La P2, insieme a diversi membri dell'Intelligence italiana, sarebbe stata alla base dei numerosi depistaggi, volti a coprire il ruolo dell'estrema destra terrorista, che hanno coinvolto anche una fetta più o meno ampia dei servizi di sicurezza dell'epoca, tra cui il generale Giuseppe Santovito e il colonnello Piero Musumeci. I due in particolare hanno pilotato, nel 1981, il ritrovamento, sul treno Taranto - Bologna, di un carico di armi ed esplosivi che combacerebbero con il materiale dinamitardo usato per l'attentato dell'anno prima a Bologna, insieme ai documenti (falsi) di due presunti terroristi stranieri. La Cassazione, il grado supremo di giudizio in Italia, ha confermato che il carico era stato lì posizionato proprio da quella fetta di servizi deviati e collusi con la loggia P2, che hanno partecipato ai molteplici depistaggi, nati proprio all'interno degli apparati corrotti dello Stato.

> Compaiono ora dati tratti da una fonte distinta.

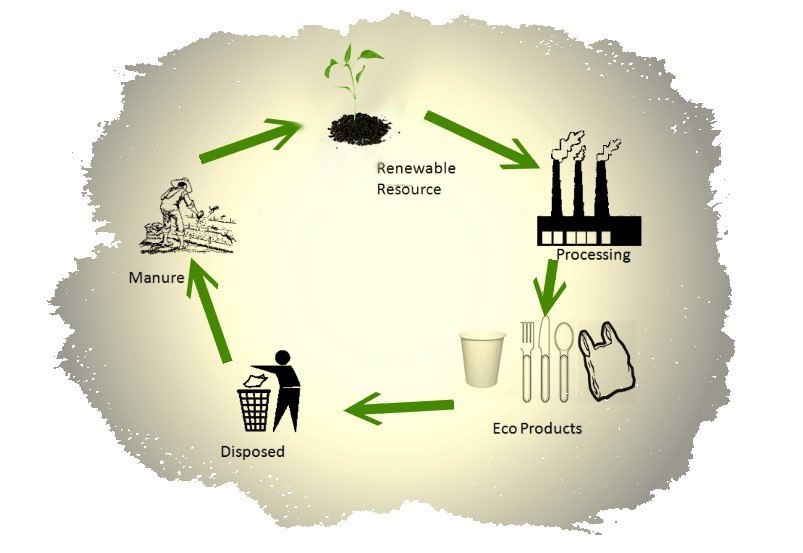Green products manufacturers in Bangalore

Una mano invisibile , questa, che indicava  piste estere, tra cui le più celebri sono quelle del terrorista rosso Carlos e quella palestinese che indicava il coinvolgimento palestinese come vendetta perché l'Italia non avrebbe rispettato il "lodo Moro" - il patto informale stretto tra l'Italia e i membri del Fronte popolare per la liberazione della Palestina con cui si riconosceva la legittimità della resistenza palestinese, e secondo cui questi ultimi non sarebbero stati perseguiti se trovati in possesso di armi sul territorio italiano, per porre fine, in cambio, alle violenze che avevano toccato anche l'Italia, come nel caso più eclatante dell'attentato all'aeroporto di Fiumicino nel 1973 che uccise 32 persone -  con l'arresto di Abu Saleh del 1979, riconosciuto come committente del trasporto di alcuni missili aria terra. 

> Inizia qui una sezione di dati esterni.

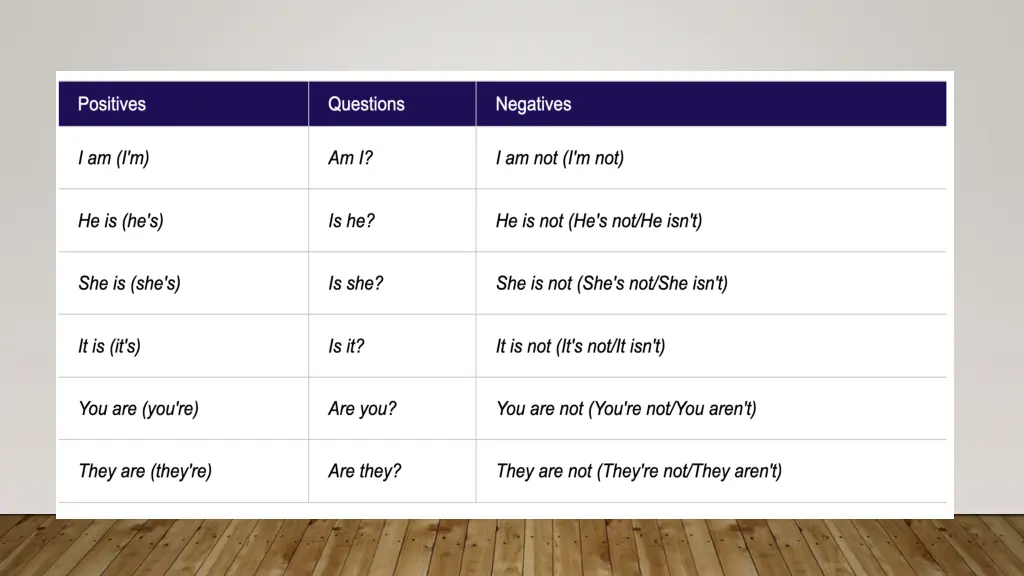 slide28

I timori di una nuova commissione parlamentare

Diversi membri della destra italiana hanno continuato negli anni a rivendicare l'esistenza della pista estera, in particolare quella palestinese, anche se bocciata diverse volte dalla magistratura, nell'ambito delle diverse inchieste sul caso. In molti temono che la nuova commissione di inchiesta possa voler a tutti i costi deresponsabilizzare i neofascisti dall'accaduto, in una rilettura che forzando la pista estera, come già successo in passato, distoglierebbe l'attenzione dal ruolo, ben più ampio e al contrario accertato, che i neofascisti, i membri della P2 e diversi esponenti all'interno degli apparati statali hanno avuto nella vicenda. Uno dei capitoli più oscuri ad aver condizionato la storia italiana in modo permanente.